DIRECTIONS FOR THIS TASK
What needs reproducing is the run of lines in the data below starting at the line with "As soon as I" and ending at the line with "Today we are going to run", both ends included. Copy it exactly, without pictures, and add nothing.

INFORMATION SUPPLIED
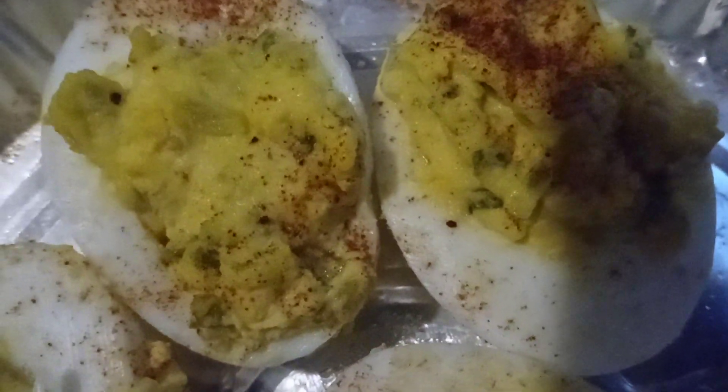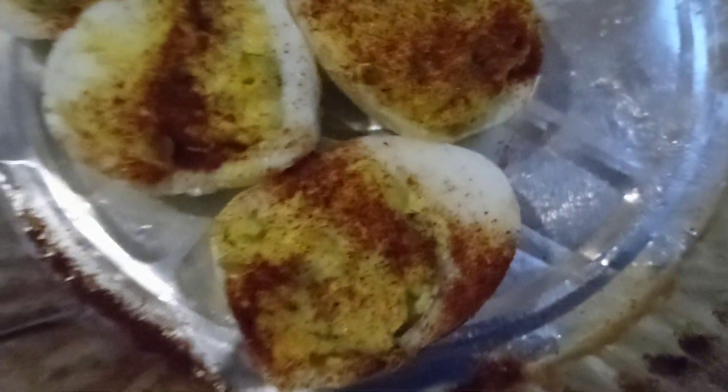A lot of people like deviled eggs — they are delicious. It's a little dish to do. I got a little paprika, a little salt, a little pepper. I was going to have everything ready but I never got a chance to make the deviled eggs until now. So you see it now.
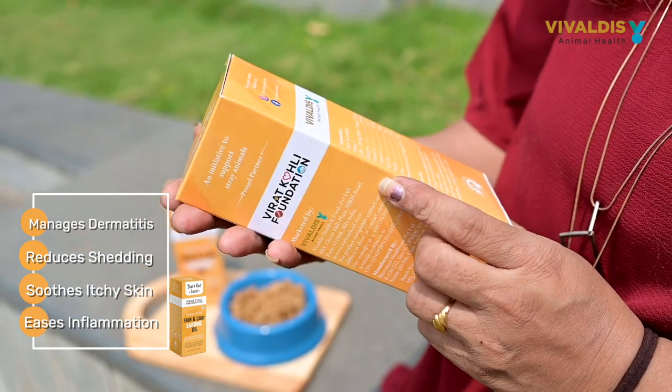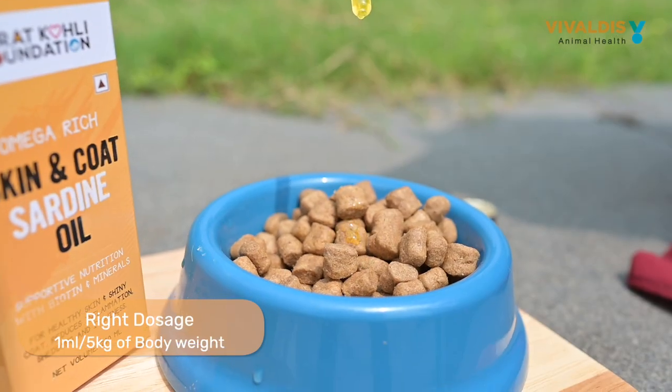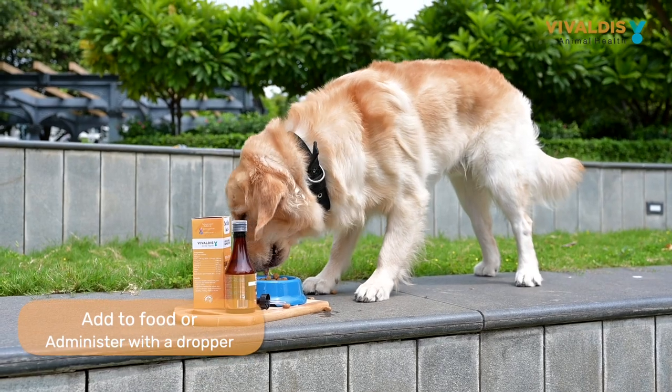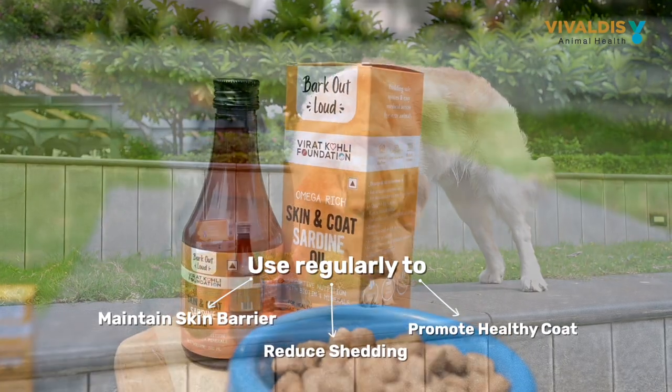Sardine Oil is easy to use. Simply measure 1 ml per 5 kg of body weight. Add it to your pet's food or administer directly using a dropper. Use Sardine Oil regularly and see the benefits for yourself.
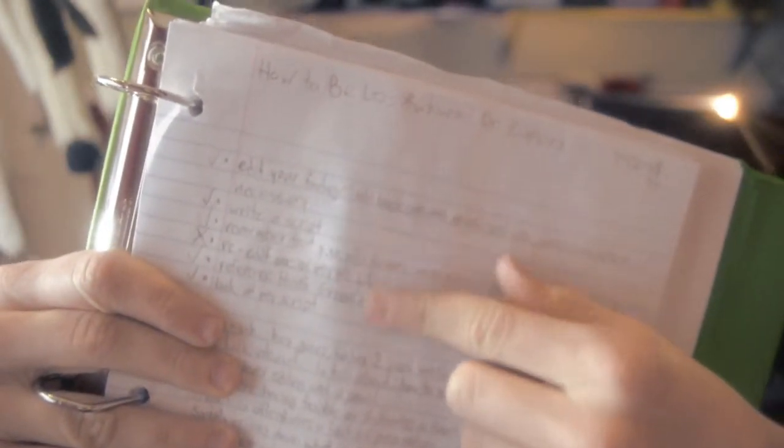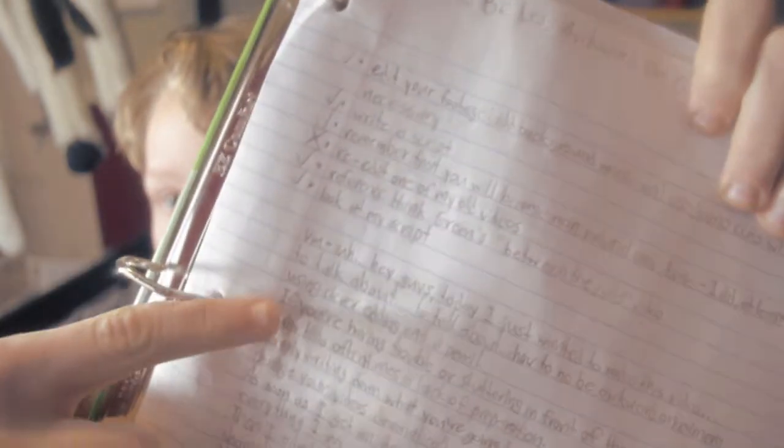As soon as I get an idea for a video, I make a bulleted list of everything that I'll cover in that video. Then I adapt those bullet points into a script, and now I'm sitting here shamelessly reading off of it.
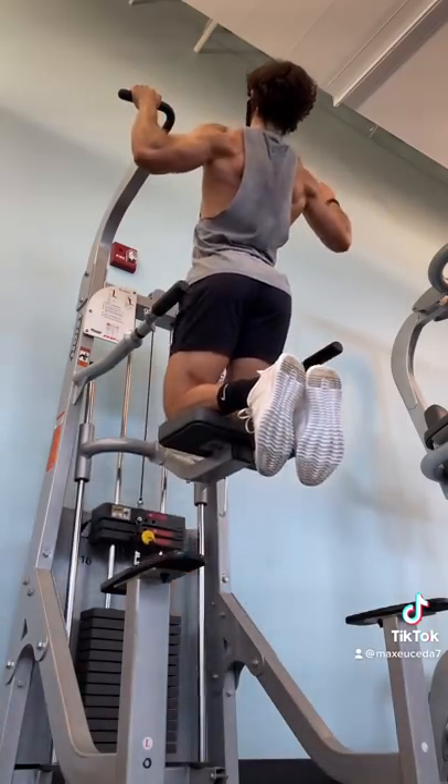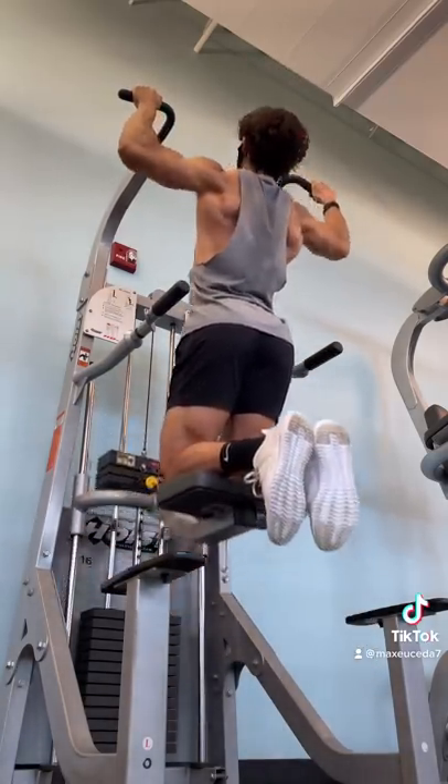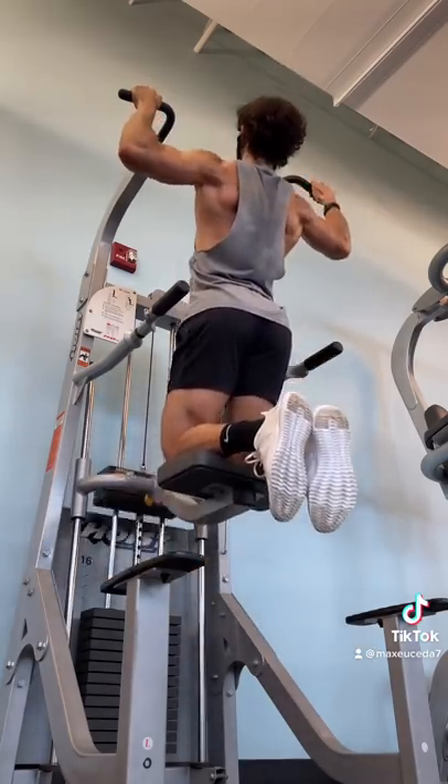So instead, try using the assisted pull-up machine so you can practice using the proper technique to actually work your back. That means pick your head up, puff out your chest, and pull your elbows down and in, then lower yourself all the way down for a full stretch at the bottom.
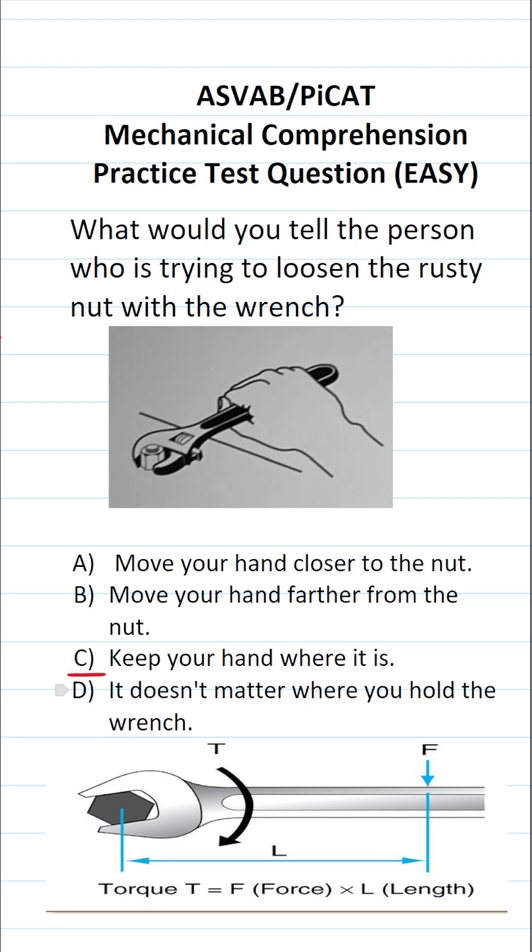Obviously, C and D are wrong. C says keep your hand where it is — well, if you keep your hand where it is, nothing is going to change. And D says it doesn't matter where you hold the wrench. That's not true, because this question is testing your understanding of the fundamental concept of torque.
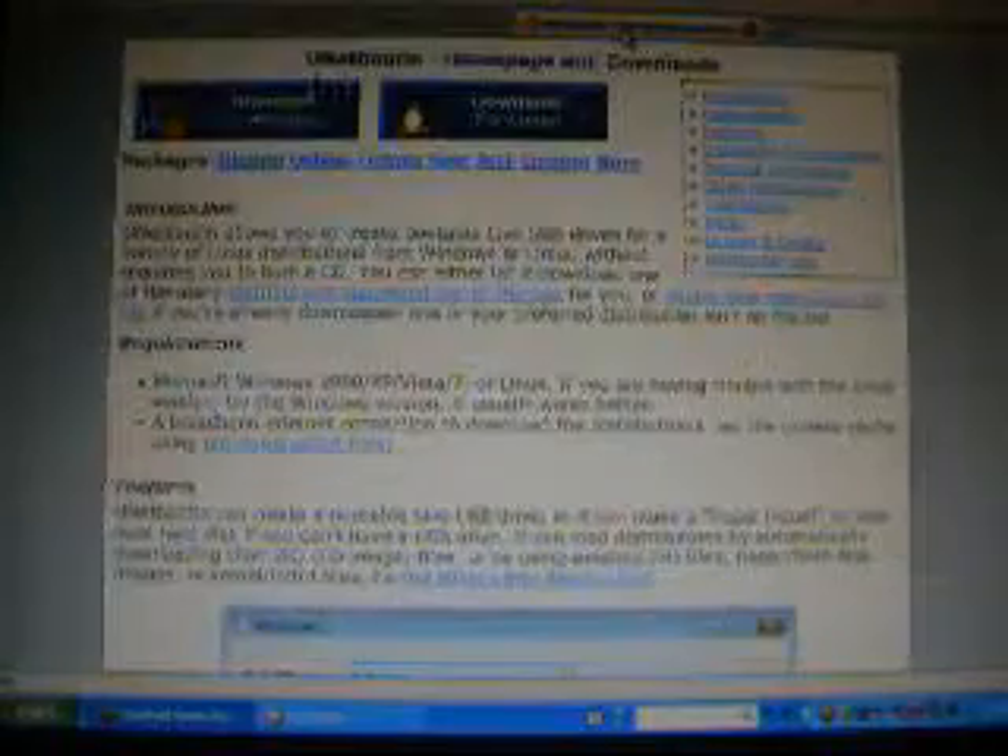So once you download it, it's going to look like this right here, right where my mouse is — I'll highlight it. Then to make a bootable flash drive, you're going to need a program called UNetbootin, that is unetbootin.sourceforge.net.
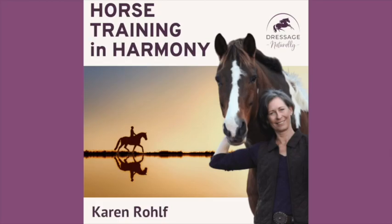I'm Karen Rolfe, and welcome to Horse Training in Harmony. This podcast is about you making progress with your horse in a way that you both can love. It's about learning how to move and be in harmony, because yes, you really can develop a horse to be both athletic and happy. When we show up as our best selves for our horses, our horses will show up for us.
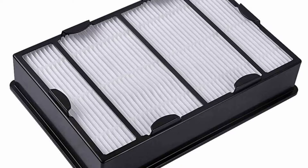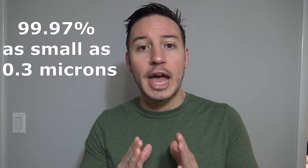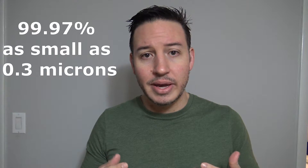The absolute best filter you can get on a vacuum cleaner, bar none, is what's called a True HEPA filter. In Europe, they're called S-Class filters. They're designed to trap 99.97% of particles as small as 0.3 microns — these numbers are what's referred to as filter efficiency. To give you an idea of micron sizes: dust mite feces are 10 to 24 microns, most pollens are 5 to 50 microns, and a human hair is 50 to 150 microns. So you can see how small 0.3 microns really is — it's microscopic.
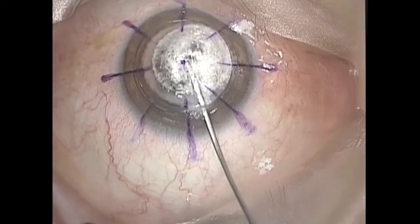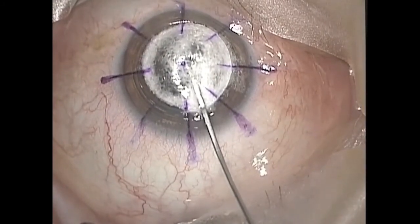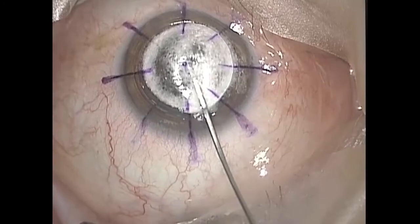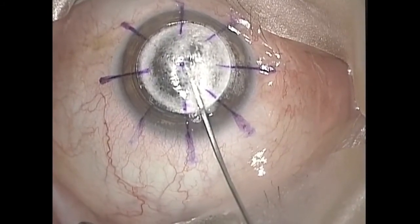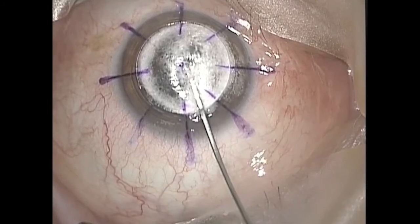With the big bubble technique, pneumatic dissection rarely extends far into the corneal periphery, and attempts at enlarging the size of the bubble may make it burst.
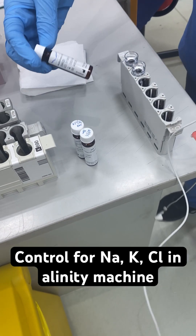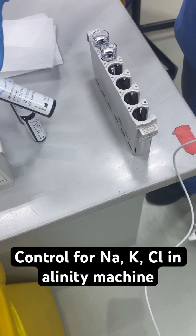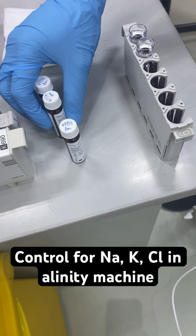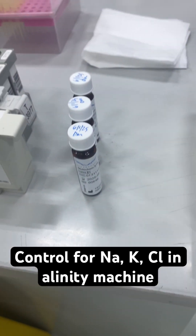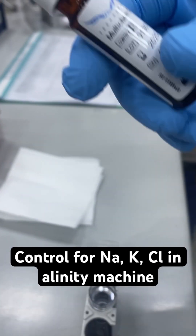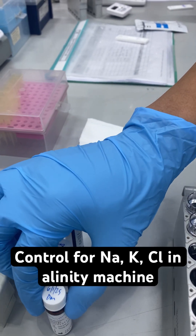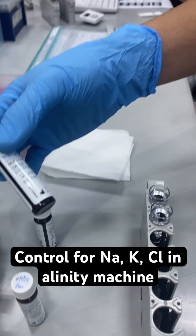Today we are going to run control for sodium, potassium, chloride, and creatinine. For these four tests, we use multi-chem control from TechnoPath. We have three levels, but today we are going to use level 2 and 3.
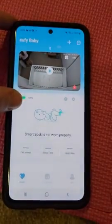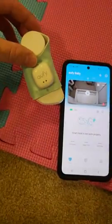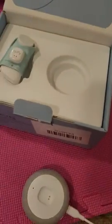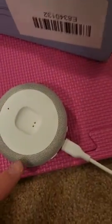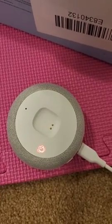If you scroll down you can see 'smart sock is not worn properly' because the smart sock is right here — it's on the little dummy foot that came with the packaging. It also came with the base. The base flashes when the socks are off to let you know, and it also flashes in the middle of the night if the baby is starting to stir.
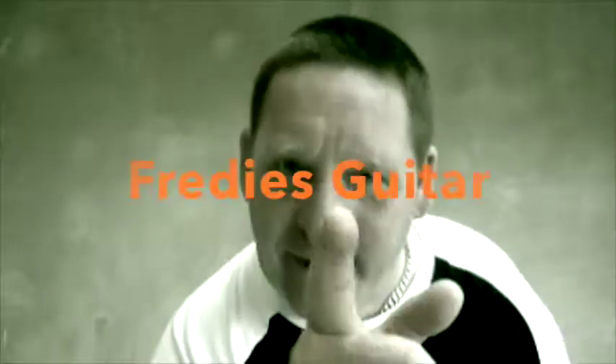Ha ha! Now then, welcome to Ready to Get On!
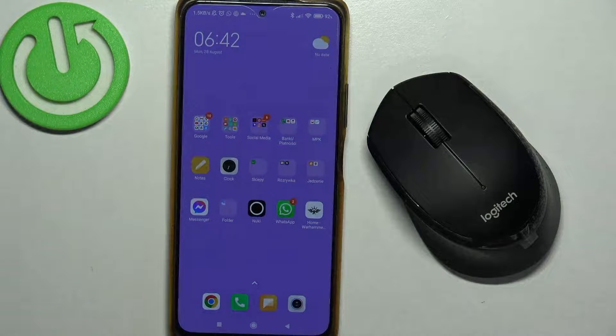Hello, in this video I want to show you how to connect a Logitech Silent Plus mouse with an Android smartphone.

SOLUTION TO THIS EXERCISE
As soon as I get an idea for a video, I make a bulleted list of everything that I'll cover in that video. Then I adapt those bullet points into a script, and now I'm sitting here shamelessly reading off of it.
So instead, try using the assisted pull-up machine so you can practice using the proper technique to actually work your back. That means pick your head up, puff out your chest, and pull your elbows down and in, then lower yourself all the way down for a full stretch at the bottom.
Obviously, C and D are wrong. C says keep your hand where it is — well, if you keep your hand where it is, nothing is going to change. And D says it doesn't matter where you hold the wrench. That's not true, because this question is testing your understanding of the fundamental concept of torque.
So once you download it, it's going to look like this right here, right where my mouse is — I'll highlight it. Then to make a bootable flash drive, you're going to need a program called UNetbootin, that is unetbootin.sourceforge.net.
I'm Karen Rolfe, and welcome to Horse Training in Harmony. This podcast is about you making progress with your horse in a way that you both can love. It's about learning how to move and be in harmony, because yes, you really can develop a horse to be both athletic and happy. When we show up as our best selves for our horses, our horses will show up for us.
The absolute best filter you can get on a vacuum cleaner, bar none, is what's called a True HEPA filter. In Europe, they're called S-Class filters. They're designed to trap 99.97% of particles as small as 0.3 microns — these numbers are what's referred to as filter efficiency. To give you an idea of micron sizes: dust mite feces are 10 to 24 microns, most pollens are 5 to 50 microns, and a human hair is 50 to 150 microns. So you can see how small 0.3 microns really is — it's microscopic.
With the big bubble technique, pneumatic dissection rarely extends far into the corneal periphery, and attempts at enlarging the size of the bubble may make it burst.
Today we are going to run control for sodium, potassium, chloride, and creatinine. For these four tests, we use multi-chem control from TechnoPath. We have three levels, but today we are going to use level 2 and 3.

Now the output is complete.